Par le passé, sous d'autres gouvernements, on ne prévoyait aucun lien entre des mesures fiscales et l'emploi. Depuis quelques années, je m'efforce de mettre en oeuvre un certain nombre de mesures qui ne s'appliquent que si l'emploi est à tout le moins maintenu, mais surtout augmenté.

Cela étant, là-dessus nous ne sommes pas en désaccord, sinon je pense que vous n'auriez pas voté en faveur de ces textes ces dernières années.
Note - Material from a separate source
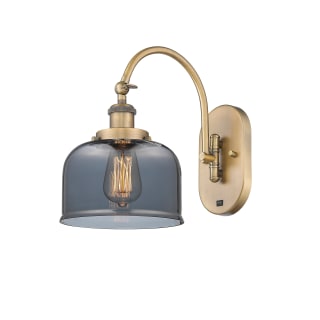 A thumbnail of the Innovations Lighting 918-1W-13-8 Bell Sconce Brushed Brass / Plated Smoke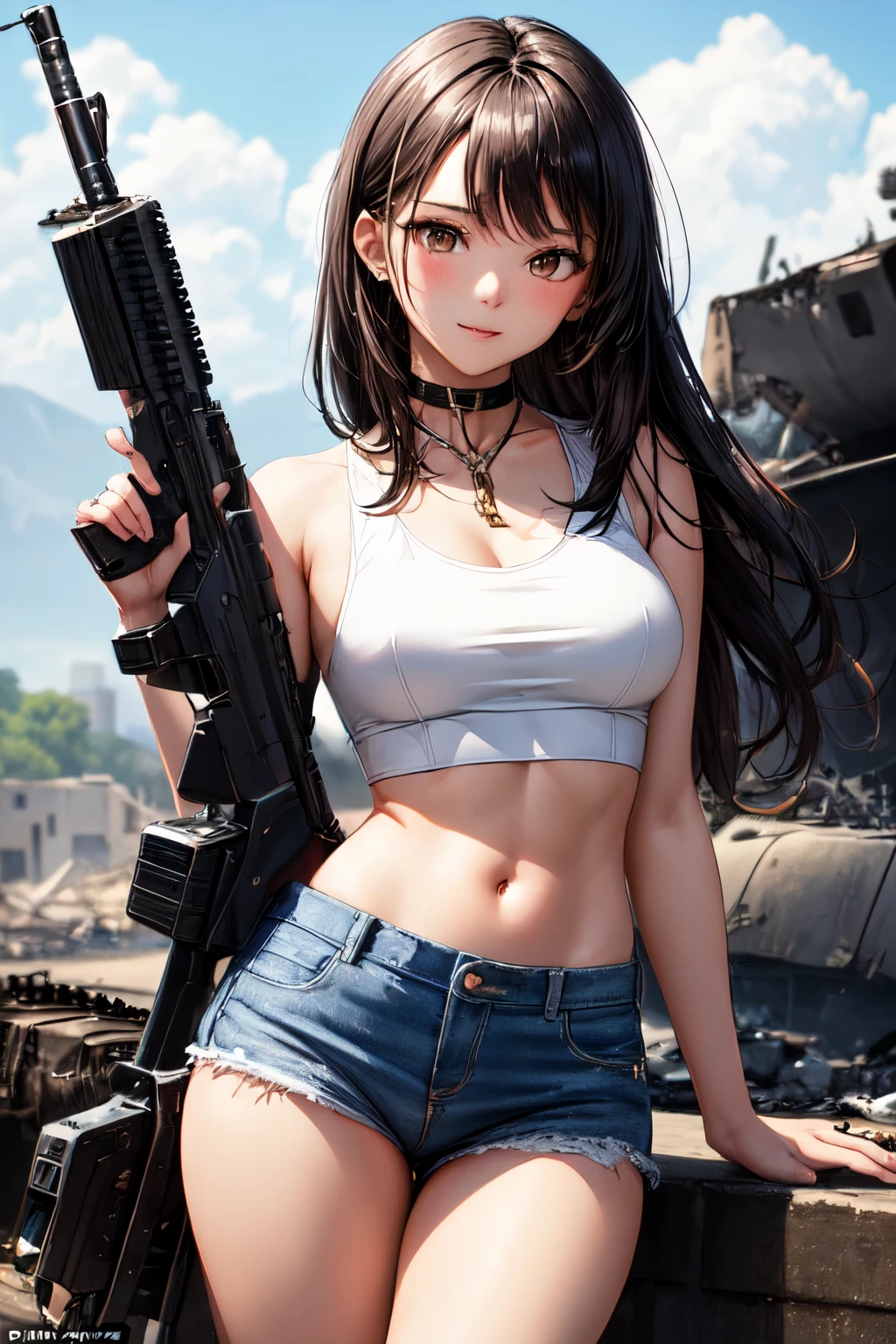 It is a battlefield, a downed plane and a destroyed war tank., There is a -yeld wo with black hair, long brown eyes, tender gaze and a pretty yet sexy face, posing sexy. , She is dressed in a low-cut white crop top and ripped panties., She is very sexy posing sexy and wearing a white top showing her abdomen and low cut, a military type chain on her neck, an engagement ring , chica delgada, has long black hair brown eyes holding a long gun, young girl is 16 years at taste, Girl's face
Pour ce qui concerne l'évolution des centres de coordination vers le système des intérêts notionnels, pendant vingt-cinq ans, le système des centres de coordination a été effectivement destiné à de grandes entreprises, multinationales ou non. En effet de grandes entreprises belges, y compris du secteur public, en ont bénéficié. Mais ce système ne s'appliquait pas au petites et moyennes entreprises. Nous avons, à la suite de nombreuses critiques à l'échelon européen, mis fin à ce système qui s'éteindra au fur et à mesure que se terminent les agréments déjà octroyés. Nous le remplaçons par le système des intérêts notionnels qui joue pour toutes les entreprises, petites, moyennes ou grandes, belges ou étrangères, à la seule condition que ces entreprises déclarent un résultat dans notre pays. C'est très différent. Le nouveau système ne prévoit plus du tout d'avantage particulier pour une catégorie d'entreprises. Quand vous me dites : les multinationales ou les banques en bénéficient, je réponds : toutes les entreprises en bénéficient et heureusement dans notre pays nous avons un très grand nombre d'entreprises, petites ou moyennes qui jouiront dès lors également de ce système.

Je suis très heureux qu'il ait été possible avec l'actuelle majorité de faire évoluer le système fiscal dans cette direction : des mesures générales applicables à toutes les entreprises et des mesures spécifiques qui lient l'avantage fiscal à une situation en matière d'emploi.